# Task objective
Below is a block of entries; repeat exactly the lines starting at the line that contains "1962 Ford Thunderbird image 127" and ending at the line that contains "Hyundai H-1 II", both included.

Dataset entries
════════

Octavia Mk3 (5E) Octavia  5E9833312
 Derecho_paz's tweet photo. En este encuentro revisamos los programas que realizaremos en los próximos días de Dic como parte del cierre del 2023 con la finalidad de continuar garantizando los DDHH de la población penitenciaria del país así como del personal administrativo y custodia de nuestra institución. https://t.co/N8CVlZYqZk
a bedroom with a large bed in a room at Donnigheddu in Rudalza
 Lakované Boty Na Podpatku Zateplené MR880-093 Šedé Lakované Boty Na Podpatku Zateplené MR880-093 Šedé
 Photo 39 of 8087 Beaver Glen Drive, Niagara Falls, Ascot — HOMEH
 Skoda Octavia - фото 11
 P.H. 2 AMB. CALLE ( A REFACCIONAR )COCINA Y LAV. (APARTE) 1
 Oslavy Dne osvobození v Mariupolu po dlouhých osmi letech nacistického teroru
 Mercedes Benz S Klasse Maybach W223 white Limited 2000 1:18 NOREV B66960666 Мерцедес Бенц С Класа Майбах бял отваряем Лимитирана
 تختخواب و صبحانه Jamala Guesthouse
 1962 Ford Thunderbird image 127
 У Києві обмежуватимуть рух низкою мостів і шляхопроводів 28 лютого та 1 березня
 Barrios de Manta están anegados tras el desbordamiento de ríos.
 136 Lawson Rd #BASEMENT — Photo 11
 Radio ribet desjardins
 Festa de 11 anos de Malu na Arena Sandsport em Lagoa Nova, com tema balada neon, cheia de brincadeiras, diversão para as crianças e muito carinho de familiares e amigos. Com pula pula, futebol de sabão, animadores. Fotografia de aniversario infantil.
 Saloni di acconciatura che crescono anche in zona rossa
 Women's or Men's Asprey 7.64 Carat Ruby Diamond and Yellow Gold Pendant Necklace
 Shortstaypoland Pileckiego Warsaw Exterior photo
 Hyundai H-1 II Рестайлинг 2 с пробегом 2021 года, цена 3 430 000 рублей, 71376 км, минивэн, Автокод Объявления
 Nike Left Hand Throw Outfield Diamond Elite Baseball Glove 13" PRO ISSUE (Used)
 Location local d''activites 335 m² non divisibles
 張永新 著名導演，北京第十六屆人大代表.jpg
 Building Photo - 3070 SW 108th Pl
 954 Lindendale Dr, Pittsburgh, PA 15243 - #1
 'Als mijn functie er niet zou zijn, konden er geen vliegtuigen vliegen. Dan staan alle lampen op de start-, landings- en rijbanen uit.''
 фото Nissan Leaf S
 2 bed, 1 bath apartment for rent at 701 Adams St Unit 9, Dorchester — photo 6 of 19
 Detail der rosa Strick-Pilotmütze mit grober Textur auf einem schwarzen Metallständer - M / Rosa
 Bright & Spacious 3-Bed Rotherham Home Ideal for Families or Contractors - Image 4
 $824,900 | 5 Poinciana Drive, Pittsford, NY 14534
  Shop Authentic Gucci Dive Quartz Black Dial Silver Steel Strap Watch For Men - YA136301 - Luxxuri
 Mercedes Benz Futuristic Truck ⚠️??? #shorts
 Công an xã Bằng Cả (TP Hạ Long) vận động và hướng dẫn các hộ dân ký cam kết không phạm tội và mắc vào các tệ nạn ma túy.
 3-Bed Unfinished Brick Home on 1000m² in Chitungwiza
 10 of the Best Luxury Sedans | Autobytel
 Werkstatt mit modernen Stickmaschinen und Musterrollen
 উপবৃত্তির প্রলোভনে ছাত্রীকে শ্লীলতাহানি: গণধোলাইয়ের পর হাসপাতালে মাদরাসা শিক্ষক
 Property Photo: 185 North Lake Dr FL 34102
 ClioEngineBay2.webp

════════

# Answer to this task
 1962 Ford Thunderbird image 127
 У Києві обмежуватимуть рух низкою мостів і шляхопроводів 28 лютого та 1 березня
 Barrios de Manta están anegados tras el desbordamiento de ríos.
 136 Lawson Rd #BASEMENT — Photo 11
 Radio ribet desjardins
 Festa de 11 anos de Malu na Arena Sandsport em Lagoa Nova, com tema balada neon, cheia de brincadeiras, diversão para as crianças e muito carinho de familiares e amigos. Com pula pula, futebol de sabão, animadores. Fotografia de aniversario infantil.
 Saloni di acconciatura che crescono anche in zona rossa
 Women's or Men's Asprey 7.64 Carat Ruby Diamond and Yellow Gold Pendant Necklace
 Shortstaypoland Pileckiego Warsaw Exterior photo
 Hyundai H-1 II Рестайлинг 2 с пробегом 2021 года, цена 3 430 000 рублей, 71376 км, минивэн, Автокод Объявления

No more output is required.